To whom it may concern

This is a reply to an email titled, ‘To whom it may concern’.

Charles Darwin would surely approve of the progress made since his death on the 19th April 1882 in building the evolutionary tree of the hominoids. People being everywhere needs explaining. To get us here we evolved a group of sensory receptors that send signals to the brain for processing which then suggests what it may be that we are touching, hearing, seeing, smelling, or tasting. I realise Darwinism does not allow for design mistakes but do wonder how the brains appraisal allows us to then state that only my opinion is the correct one.

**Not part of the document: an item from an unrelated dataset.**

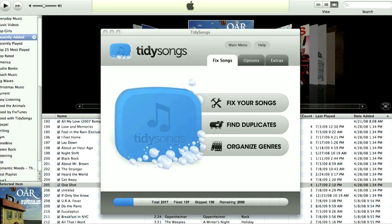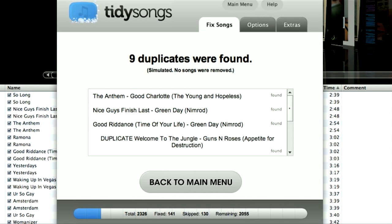The first function I'm going to show you is the Find Duplicate function. What this does is it scans your music library for any duplicate songs, which you can then remove. And trust me, you'll be surprised how many copies of the same song you currently have.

Listening to music is a good way to think about wine. The tribal differences are a delight though to enjoy them all is a big task so most of us select a few slices as our favourites.

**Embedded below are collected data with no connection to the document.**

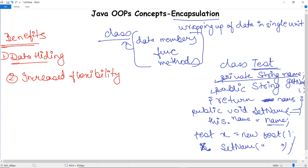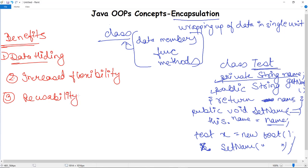The second benefit is increased flexibility. We can make variables read-only or write-only depending on our requirement. For read-only, we omit the setter methods; for write-only, we omit the getter methods. The third benefit is reusability, similar to inheritance — encapsulation improves reusability and makes it easy to change with new requirements. This concludes our discussion of encapsulation in Java's OOP concepts; more topics will be covered in upcoming videos.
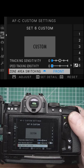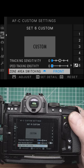On front, if there's an object closest to the camera with one behind that and one behind that, it will stick to the one that's at the front.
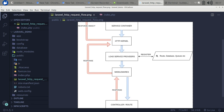The HTTP Kernel then loads the service providers. There are lots of service providers in the application. Every service provider has a register method and a boot method through which the service provider collects all the dependencies and initializes itself. The service providers are the main features of the application — core classes like database, queue system, file system, and so on.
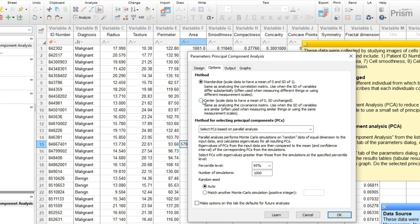In rare cases, you might want to only center your data. The most common situation for this is when each column of data was measured on the same scale, so the size of the numbers across the columns have meaning. In even more rare instances, you might not want PRISM to center or standardize your data, so we provide an unstandardized option.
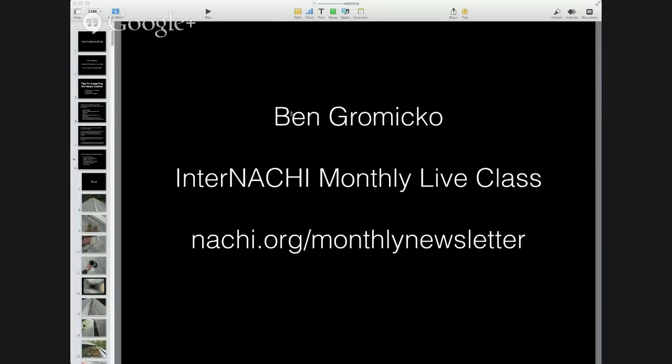My name is Ben Gromyko, and we do a monthly event every month. We make them live so that you can ask questions, bring your questions and discuss while we're doing the class. Subscribing to our newsletter would be a great idea because we announce these classes inside our monthly newsletter. Go to nachi.org/monthly-newsletter and you can subscribe to our free monthly newsletter for members and non-members, contractors, and inspectors, to keep up to date and not miss an event.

Wine then is a sub-section of all the food and beverage tastes though a big slice and because of its fashionable status this is growing. On wine I diverge from other commentators as I view the spectrum of flavours and quality as being compressed with not a lot of difference between a cask wine and a 100 pointer. Most professionals see things differently and spend their life picking away at minute details.

This is the email: To whom it may concern.

‘I received a box of wine from a friend of mine in SA as a gift which was lovely – 6 wines, however 2 of the white wines seemed to be off. I had one bottle about 8 weeks ago – thought I just didn’t like the taste, and the second bottle was ok – the third bottle was awful again. We felt it tasted like it had been sitting in the sun whether in storage or via the transport. The other bottles seem to have been ok. I don’t want to go back thru my friend, as he had organised it as a gift. I attach the label. I was very disappointed’.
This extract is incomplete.